While competitors were locked into six-month migration projects to switch providers, we were testing new models in production on a Tuesday afternoon. That agility wasn’t a feature; it was our survival mechanism.

The Trade-off

This wasn’t the obvious choice.

Building meant owning complexity: agent coordination and orchestration, prompt design, streaming behavior, optimization through evaluation and observability, and constant iteration in an unstable ecosystem. It required time, focus, and a willingness to operate without established patterns.

Along the process, we made mistakes, expanded team to more engineers and still burned out, disrupted our work-life balance.

For many teams, buying would have been the right decision. It definitely saves a lot of time and sanity. If your use case is standard, please, just buy.

In our case, the requirements were too specific and the pace of change was too fast. The constraints made the decision clear.

The Outcome: Autonomy Over Savings

Because we built, we bought ourselves something money can’t easily purchase: autonomy.

Yes, we saved ~$500k in vendor license fees. But, building isn't free either. It is paid for in engineering salaries and late nights.

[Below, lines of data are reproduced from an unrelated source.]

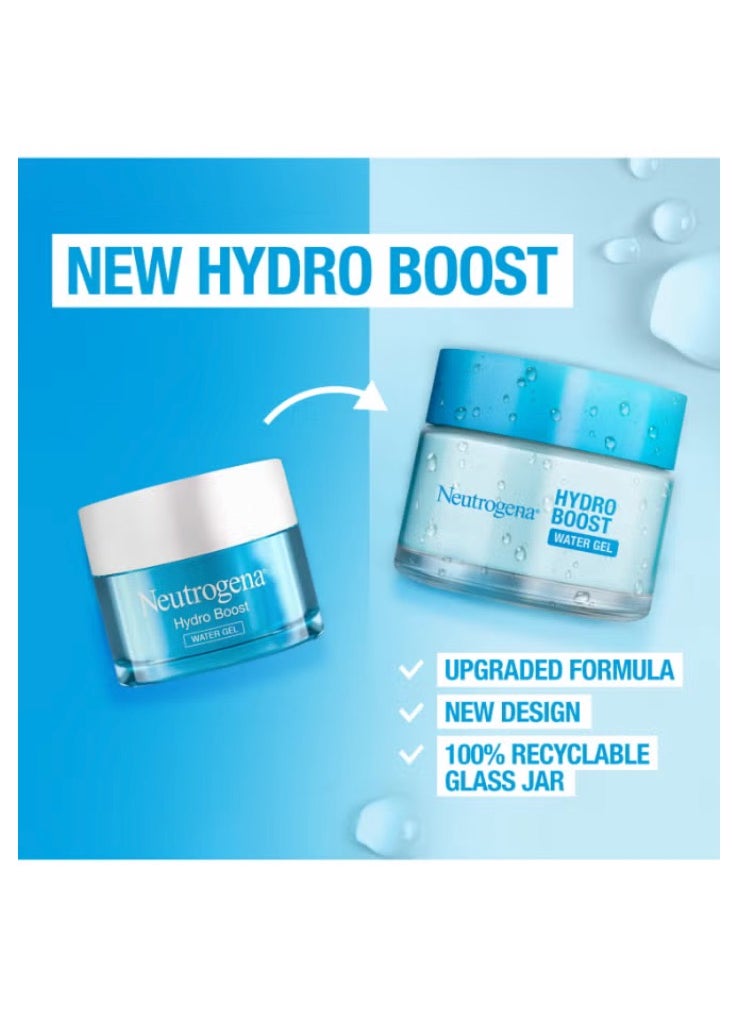 Neutrogena naturals - Neutrogena Face Moisturizer Water Gel Hydro Boost Normal To Combination Skin 50ml - Image 1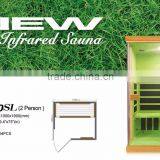 2 Person Use 7 Color Beautiful Design Infrared Ceramic Sauna Room thumbnail-2
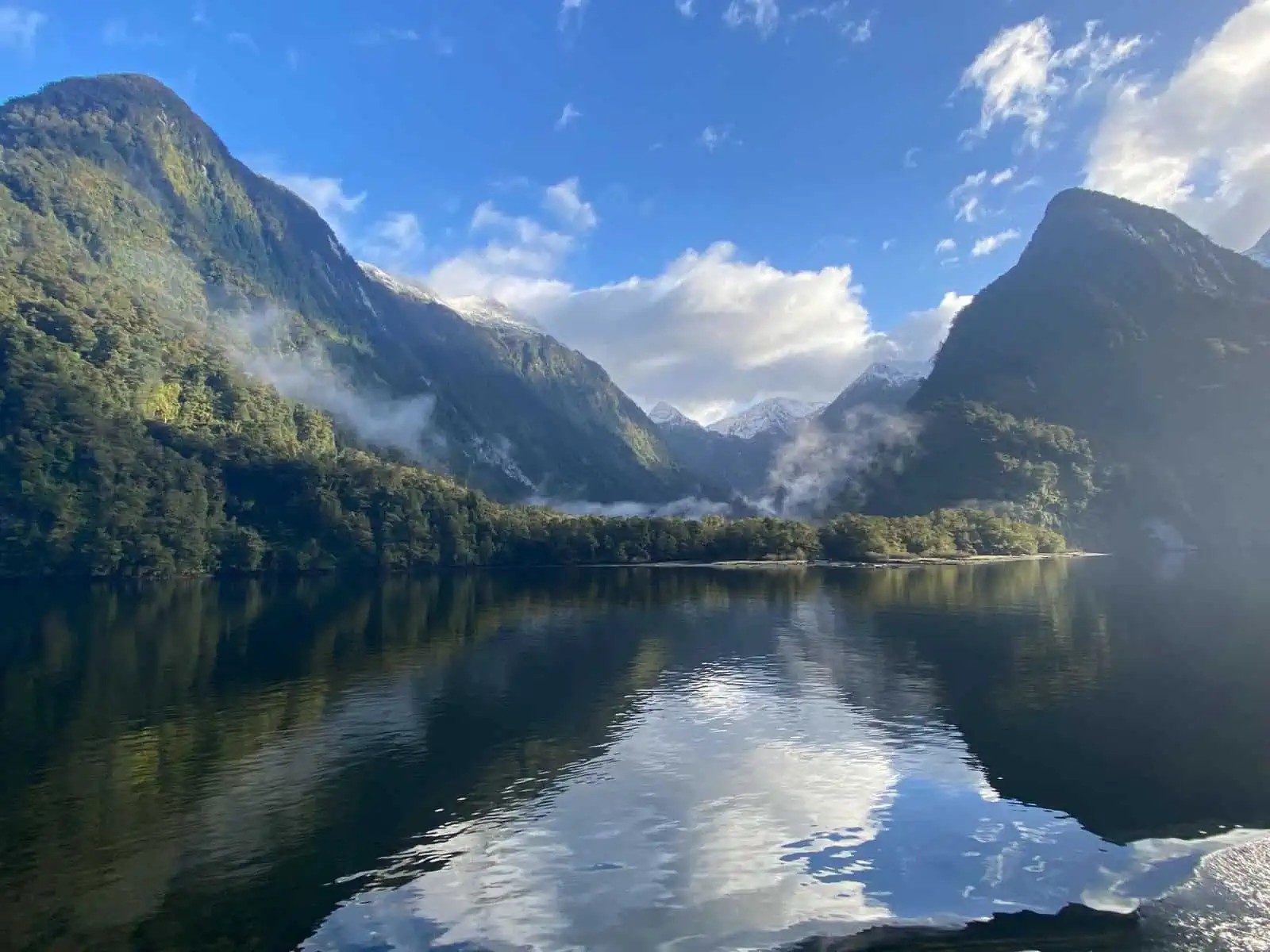 Doubtful Sound, New Zealand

The real financial win was the efficiency of spend. We optimized compute in ways vendors never would have allowed, because their margins depended on inefficiency.

The bigger win was avoiding the hidden tax of dependence:

  • No waiting for external roadmaps.
  • No negotiating contracts during peak traffic.
  • No hitting rate limits that killed our user experience.

We scaled on our own terms: our accounts, our limits, our decisions.

The choice between building and buying.

Although buying optimizes for speed today, building, when done for the right reasons, optimizes for control tomorrow.

Spending the complexity upfront, gave us leverage and a foundation that is entirely ours.

If you’re sitting on the fence today, ask yourself:

  • Is this feature your core differentiator?
  • Are you spending time building something that can be easily delegated?
  • Does your vendor understand your compliance needs, or will they become a bottleneck?

If the answer is "no" to any of these, buy.
Don’t be afraid to build if your survival depends on specificity and speed.